Pope John Paul II devoted part of his annual Easter message to call on the Palestinians and other ethnic groups to use dialogue, nor arms, in their quest for self-determination.
He also recalled the victims of the Holocaust, making a reference to the Auschwitz death camp within the context of mentioning this year’s 50th anniversary commemorations of the end of World War II.
“To those who await, in suffering, the recognition of their deepest aspirations, such as Palestinians, the Kurds or, among others, the native people of Latin America, the church proposes dialogue as the only path able to promote just and fair solutions,” the pope said in his “To the City and the World” message Easter Sunday.
The Vatican established relations with Israel 15 months ago. It has long supported a Palestinian homeland.
But the Vatican has strongly condemned terror attacks by Islamic fundamentalist groups that have resulted in the deaths of scores of israelis during the past year.

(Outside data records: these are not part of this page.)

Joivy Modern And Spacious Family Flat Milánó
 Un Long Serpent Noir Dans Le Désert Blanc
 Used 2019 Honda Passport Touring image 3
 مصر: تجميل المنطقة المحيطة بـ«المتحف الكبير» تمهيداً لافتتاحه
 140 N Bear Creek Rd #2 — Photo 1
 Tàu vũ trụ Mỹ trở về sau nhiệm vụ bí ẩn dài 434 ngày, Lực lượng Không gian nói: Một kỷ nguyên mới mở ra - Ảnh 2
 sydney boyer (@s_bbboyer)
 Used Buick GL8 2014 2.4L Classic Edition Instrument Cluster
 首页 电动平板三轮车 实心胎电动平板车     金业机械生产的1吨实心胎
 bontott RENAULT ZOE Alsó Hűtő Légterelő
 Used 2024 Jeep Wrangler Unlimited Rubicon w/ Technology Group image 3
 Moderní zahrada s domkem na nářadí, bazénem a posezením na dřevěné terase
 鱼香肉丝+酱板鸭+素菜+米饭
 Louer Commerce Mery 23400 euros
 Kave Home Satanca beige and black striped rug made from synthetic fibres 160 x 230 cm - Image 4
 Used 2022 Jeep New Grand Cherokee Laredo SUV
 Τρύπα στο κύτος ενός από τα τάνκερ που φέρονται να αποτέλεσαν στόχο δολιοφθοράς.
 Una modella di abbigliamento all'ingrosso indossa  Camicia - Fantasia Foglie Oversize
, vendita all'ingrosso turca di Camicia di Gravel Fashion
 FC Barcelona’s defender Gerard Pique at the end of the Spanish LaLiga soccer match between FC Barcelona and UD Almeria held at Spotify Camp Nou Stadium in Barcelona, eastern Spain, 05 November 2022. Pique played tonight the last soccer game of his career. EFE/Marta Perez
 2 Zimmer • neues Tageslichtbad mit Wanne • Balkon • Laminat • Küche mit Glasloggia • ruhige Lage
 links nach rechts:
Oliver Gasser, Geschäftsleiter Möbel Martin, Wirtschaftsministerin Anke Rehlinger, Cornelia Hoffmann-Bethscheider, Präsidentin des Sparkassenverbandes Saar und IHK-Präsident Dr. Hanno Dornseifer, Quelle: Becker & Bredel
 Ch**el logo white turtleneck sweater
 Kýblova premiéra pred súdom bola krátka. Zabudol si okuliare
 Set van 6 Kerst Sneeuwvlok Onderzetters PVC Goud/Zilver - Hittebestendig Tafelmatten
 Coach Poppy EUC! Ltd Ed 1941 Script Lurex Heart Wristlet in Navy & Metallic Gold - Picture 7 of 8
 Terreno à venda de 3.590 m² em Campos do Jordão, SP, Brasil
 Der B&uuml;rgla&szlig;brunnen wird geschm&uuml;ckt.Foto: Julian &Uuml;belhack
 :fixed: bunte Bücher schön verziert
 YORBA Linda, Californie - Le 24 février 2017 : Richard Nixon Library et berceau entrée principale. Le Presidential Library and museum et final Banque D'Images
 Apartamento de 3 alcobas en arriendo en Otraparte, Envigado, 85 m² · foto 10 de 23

During his Good Friday re-enactment of the Stations of the Cross at Rome’s ancient Colosseum, the pope recited a prayer he wrote about “the victims of fratricidal wars: Bosnia, Chechnya, Rwanda, Burundi, the Middle East, Somalia.”
In the prayer he also spoke of “the tragic anniversaries” that are being commemorated this year: “of Auschwitz, horrid extermination camp; of Dresden, razed to the ground; of Hiroshima, city of appalling slaughter.”
The Stations of the Cross ceremony, which recalls the route Jesus took on the day of his crucifixion, was deliberately ecumenical in character, with two Protestant nuns and a Russian Orthodox priest also taking part.
One of the nuns, Minke de Vries of Holland, wrote a meditation for the service in which she urged the pope and his faithful to ask forgiveness from God for having “rejected the Jewish people” and “sneered at them even in the liturgy.”